[Your instructions]
The entries below contain a line with "están afectadas por esta característica." and a line with "(receptor RX). Para que esto suceda sin". Quote exactly those two lines and all lines between them.

[Information supplied]

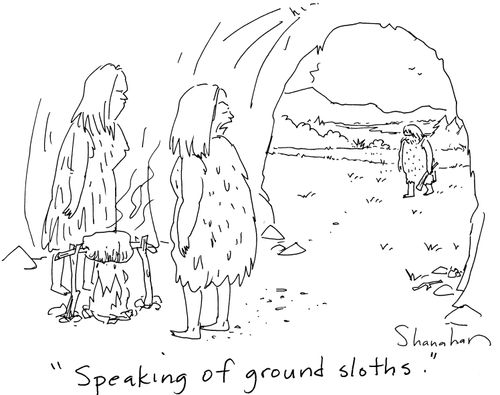 'Speaking of ground sloths.'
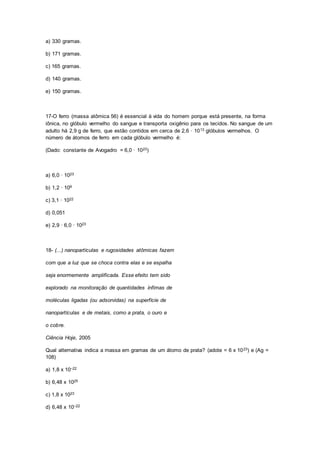 a) 330 gramas.
b) 171 gramas.
c) 165 gramas.
d) 140 gramas.
e) 150 gramas.
17-O ferro (massa atômica 56) é essencial à vida do homem porque está presente, na forma
iônica, no glóbulo vermelho do sangue e transporta oxigênio para os tecidos. No sangue de um
adulto há 2,9 g de ferro, que estão contidos em cerca de 2,6 · 1013 glóbulos vermelhos. O
número de átomos de ferro em cada glóbulo vermelho é:
(Dado: constante de Avogadro = 6,0 · 1023)
a) 6,0 · 1023
b) 1,2 · 109
c) 3,1 · 1022
d) 0,051
e) 2,9 · 6,0 · 1023
18- (...) nanopartículas e rugosidades atômicas fazem
com que a luz que se choca contra elas e se espalha
seja enormemente amplificada. Esse efeito tem sido
explorado na monitoração de quantidades ínfimas de
moléculas ligadas (ou adsorvidas) na superfície de
nanopartículas e de metais, como a prata, o ouro e
o cobre.
Ciência Hoje, 2005
Qual alternativa indica a massa em gramas de um átomo de prata? (adote = 6 x 1023) e (Ag =
108)
a) 1,8 x 10–22
b) 6,48 x 1025
c) 1,8 x 1023
d) 6,48 x 10–22
 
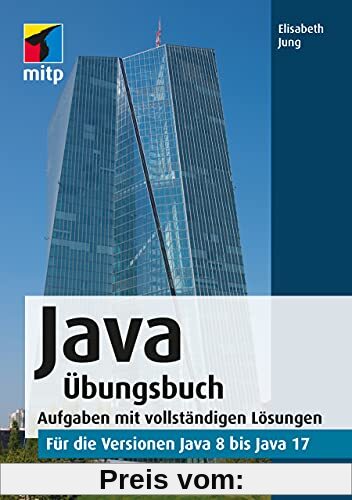 Java Übungsbuch: Aufgaben mit vollständigen Lösungen für die Versionen Java 8 bis Java 17(mitp Professional): für die Versionen Java 8 bis Java 17.Aufgaben mit vollständigen Lösungen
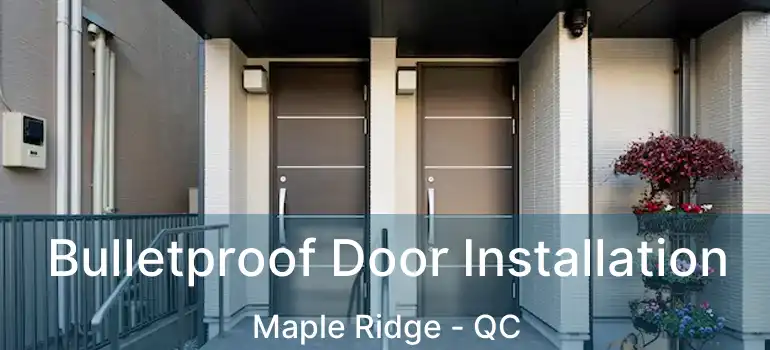  Bulletproof Door Installation Maple Ridge - QC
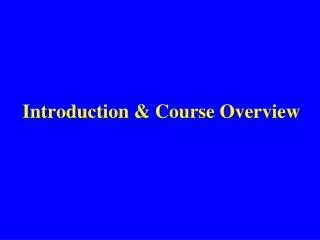 Introduction &amp; Course Overview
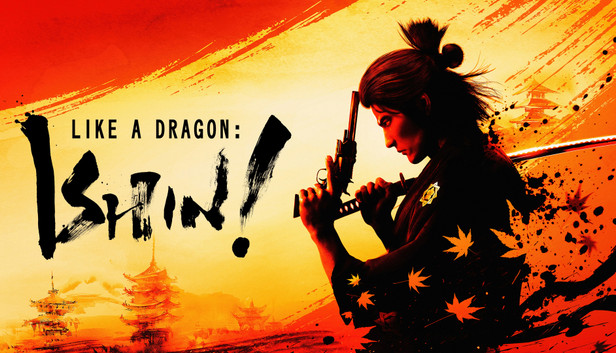 Like a Dragon : Ishin!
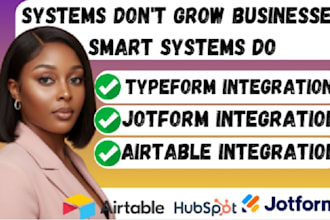 setup airtable crm, do automation and integrate  with typeform jotform hubspot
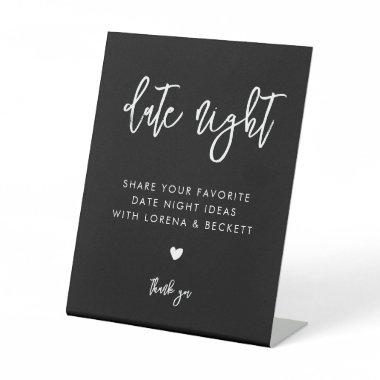 Contemporary black Date night ideas Pedestal Sign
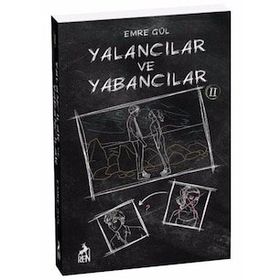 Yalancılar ve Yabancılar 2 - Emre Gül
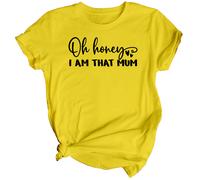 Maglietta da donna Oh Honey Im That Mum Mothers Day Top divertente mamma...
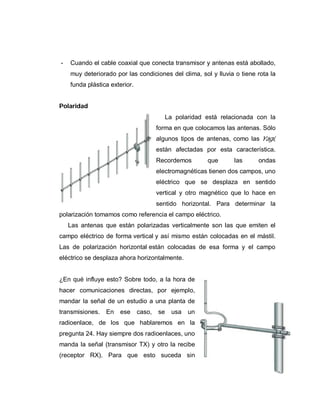 - Cuando el cable coaxial que conecta transmisor y antenas está abollado,
muy deteriorado por las condiciones del clima, sol y lluvia o tiene rota la
funda plástica exterior.
Polaridad
La polaridad está relacionada con la
forma en que colocamos las antenas. Sólo
algunos tipos de antenas, como las Yagi,
están afectadas por esta característica.
Recordemos que las ondas
electromagnéticas tienen dos campos, uno
eléctrico que se desplaza en sentido
vertical y otro magnético que lo hace en
sentido horizontal. Para determinar la
polarización tomamos como referencia el campo eléctrico.
Las antenas que están polarizadas verticalmente son las que emiten el
campo eléctrico de forma vertical y así mismo están colocadas en el mástil.
Las de polarización horizontal están colocadas de esa forma y el campo
eléctrico se desplaza ahora horizontalmente.
¿En qué influye esto? Sobre todo, a la hora de
hacer comunicaciones directas, por ejemplo,
mandar la señal de un estudio a una planta de
transmisiones. En ese caso, se usa un
radioenlace, de los que hablaremos en la
pregunta 24. Hay siempre dos radioenlaces, uno
manda la señal (transmisor TX) y otro la recibe
(receptor RX). Para que esto suceda sin
 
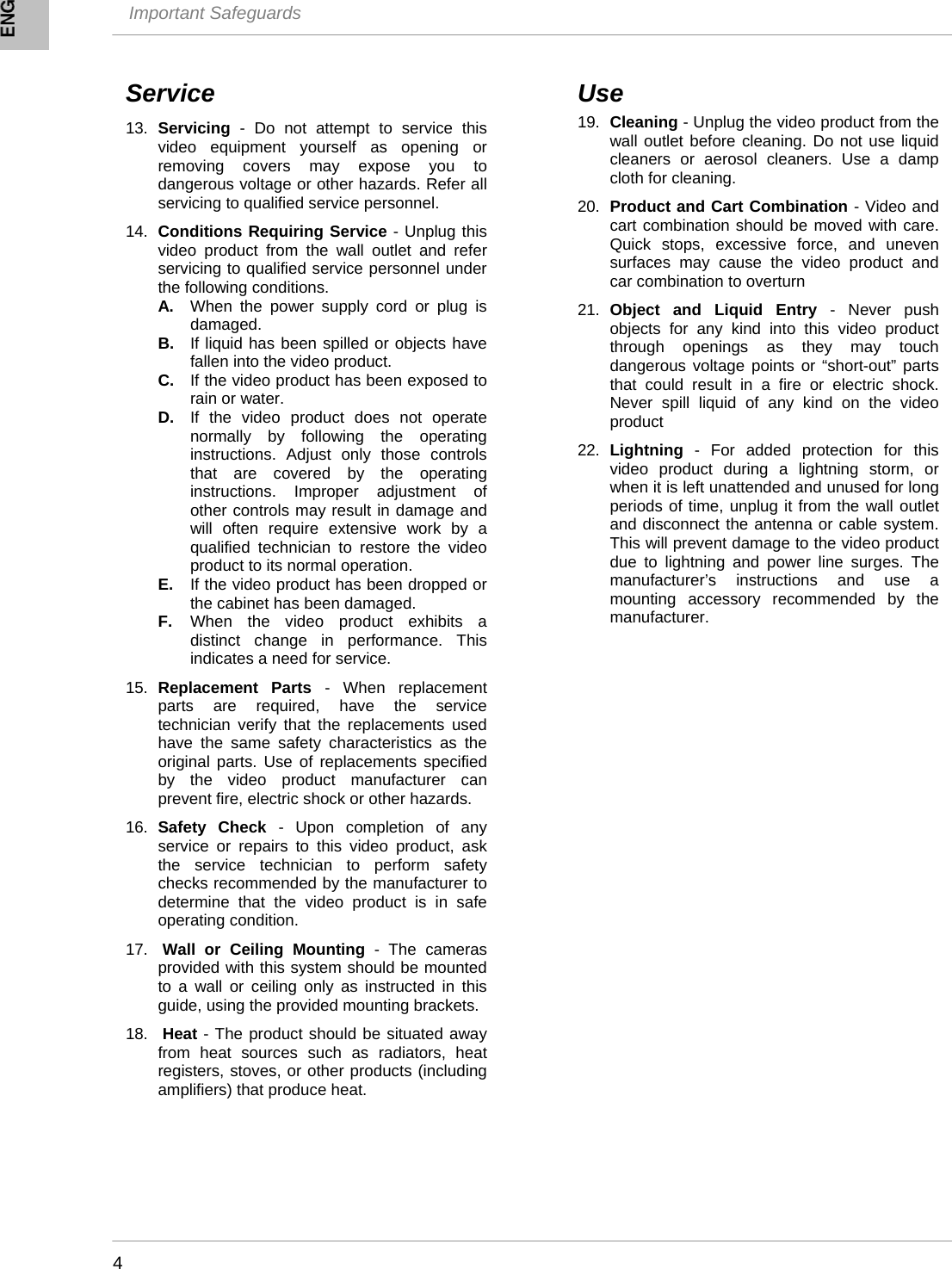  Important Safeguards    4     Service  13.  Servicing - Do not attempt to service this video equipment yourself as opening or removing covers may expose you to dangerous voltage or other hazards. Refer all servicing to qualified service personnel.  14.  Conditions Requiring Service - Unplug this video product from the wall outlet and refer servicing to qualified service personnel under the following conditions. A.  When the power supply cord or plug is damaged. B.  If liquid has been spilled or objects have fallen into the video product. C.  If the video product has been exposed to rain or water. D.  If the video product does not operate normally by following the operating instructions. Adjust only those controls that are covered by the operating instructions. Improper adjustment of other controls may result in damage and will often require extensive work by a qualified technician to restore the video product to its normal operation. E.  If the video product has been dropped or the cabinet has been damaged. F.  When the video product exhibits a distinct change in performance. This indicates a need for service.  15.  Replacement Parts - When replacement parts are required, have the service technician verify that the replacements used have the same safety characteristics as the original parts. Use of replacements specified by the video product manufacturer can prevent fire, electric shock or other hazards.  16.  Safety Check - Upon completion of any service or repairs to this video product, ask the service technician to perform safety checks recommended by the manufacturer to determine that the video product is in safe operating condition.  17.   Wall or Ceiling Mounting - The cameras provided with this system should be mounted to a wall or ceiling only as instructed in this guide, using the provided mounting brackets.  18.   Heat - The product should be situated away from heat sources such as radiators, heat registers, stoves, or other products (including amplifiers) that produce heat. Use 19.  Cleaning - Unplug the video product from the wall outlet before cleaning. Do not use liquid cleaners or aerosol cleaners. Use a damp cloth for cleaning.   20.  Product and Cart Combination - Video and cart combination should be moved with care. Quick stops, excessive force, and uneven surfaces may cause the video product and car combination to overturn  21.  Object and Liquid Entry - Never push objects for any kind into this video product through openings as they may touch dangerous voltage points or “short-out” parts that could result in a fire or electric shock. Never spill liquid of any kind on the video product  22.  Lightning - For added protection for this video product during a lightning storm, or when it is left unattended and unused for long periods of time, unplug it from the wall outlet and disconnect the antenna or cable system. This will prevent damage to the video product due to lightning and power line surges. The manufacturer’s instructions and use a mounting accessory recommended by the manufacturer. 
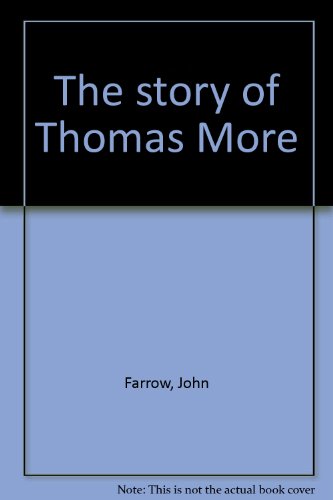 The Story of Thomas More B0007F3UFU Book Cover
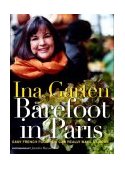 Barefoot in Paris Easy French Food You Can Make at Home: a Barefoot Contessa Cookbook  9781400049356 Front Cover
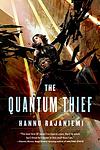 Cover of 'The Quantum Thief' by Hannu Rajaniemi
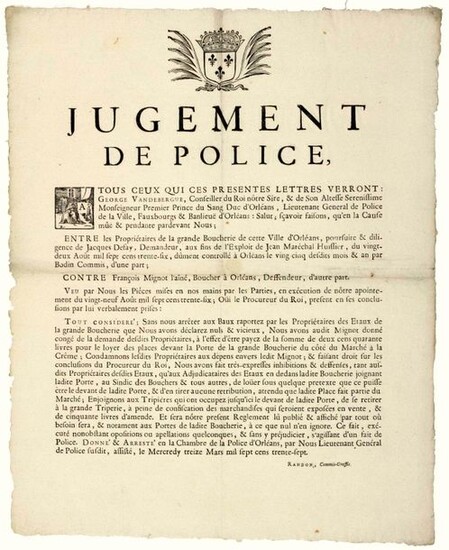 LOIRET. 1737. THE GREAT BUTCHER'S SHOP OF ORLEANS (45). "Police Judgment, between the Owners of the Grande Boucherie d'Orléans, against François MIGNOT the elder, butcher in Orléans - Defense to the Owners of the Vices of the Grande BOUCHERIE joining...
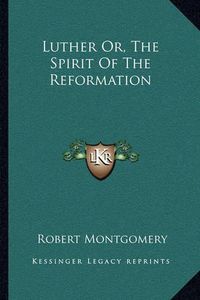 Cover image for Luther Or, the Spirit of the Reformation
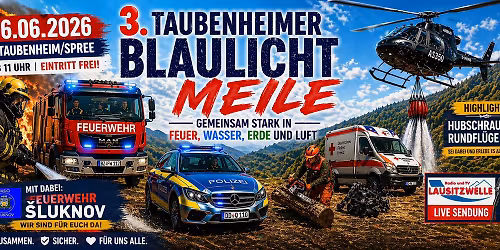 3. Taubenheimer Blaulichtmeile 2026 - gemeinsam stark in Feuer, Wasser, Erde und Luft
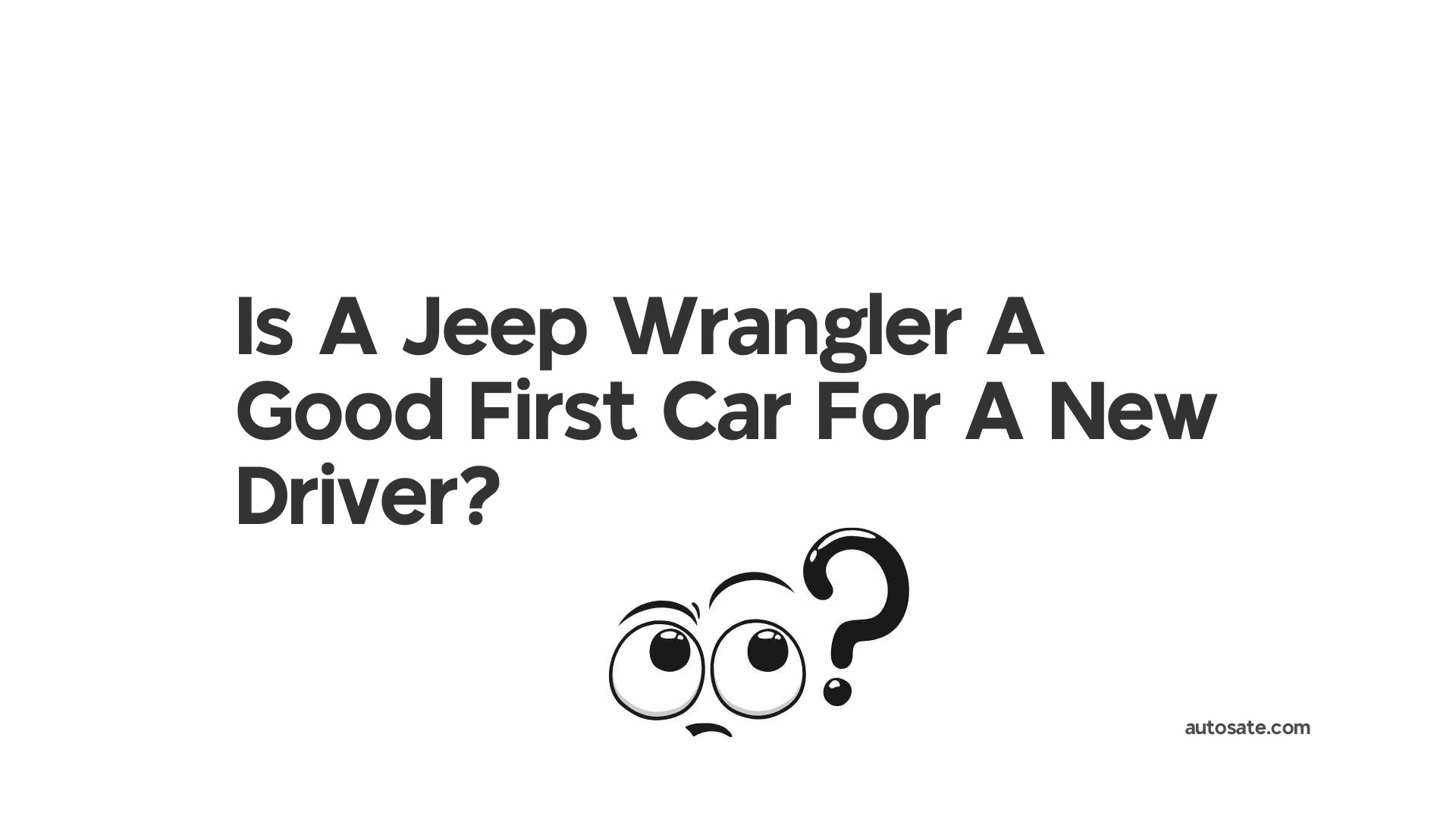 Is A Jeep Wrangler A Good First Car For A New Driver?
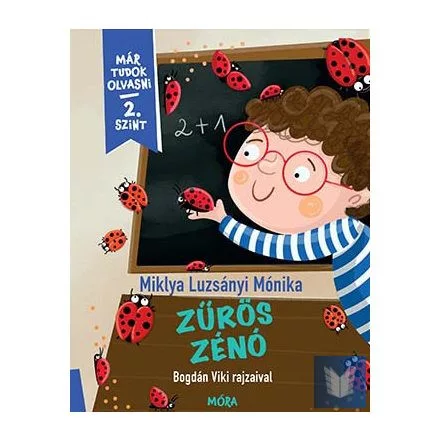 Zűrös Zénó - Már tudok olvasni - 2. szint - Olvasást könnyítő mesék  témájú könyvek és olvasmányok
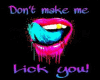 Don't make me lick you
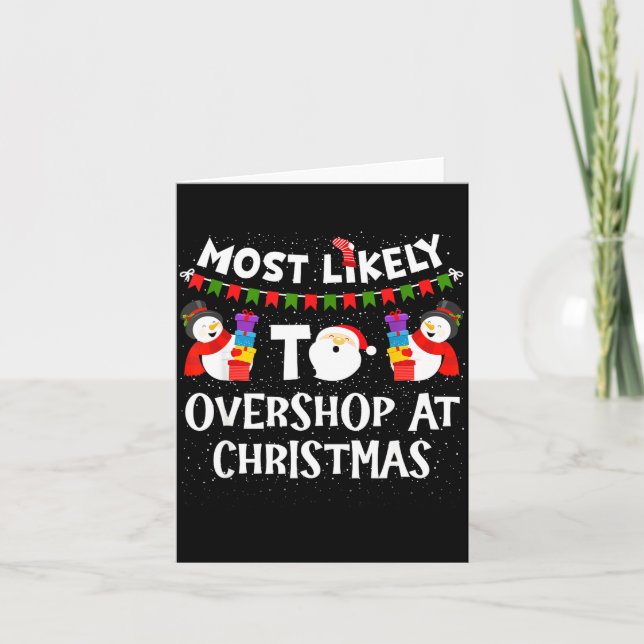 Carte Most Likely To Overshop At Christmas Funny Family  (Devant)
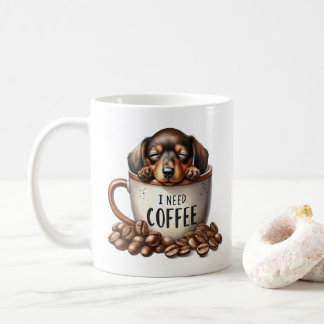 Ik heb koffie nodig - Pup in een kopje Koffiemok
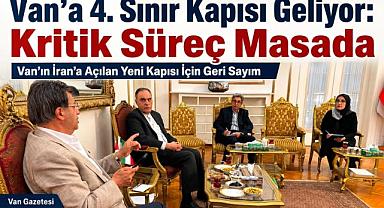 Van'a 4. Sınır Kapısı Geliyor Kritik Süreç Masada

[Exercise answer]
están afectadas por esta característica.
Recordemos que las ondas
electromagnéticas tienen dos campos, uno
eléctrico que se desplaza en sentido
vertical y otro magnético que lo hace en
sentido horizontal. Para determinar la
polarización tomamos como referencia el campo eléctrico.
Las antenas que están polarizadas verticalmente son las que emiten el
campo eléctrico de forma vertical y así mismo están colocadas en el mástil.
Las de polarización horizontal están colocadas de esa forma y el campo
eléctrico se desplaza ahora horizontalmente.
¿En qué influye esto? Sobre todo, a la hora de
hacer comunicaciones directas, por ejemplo,
mandar la señal de un estudio a una planta de
transmisiones. En ese caso, se usa un
radioenlace, de los que hablaremos en la
pregunta 24. Hay siempre dos radioenlaces, uno
manda la señal (transmisor TX) y otro la recibe
(receptor RX). Para que esto suceda sin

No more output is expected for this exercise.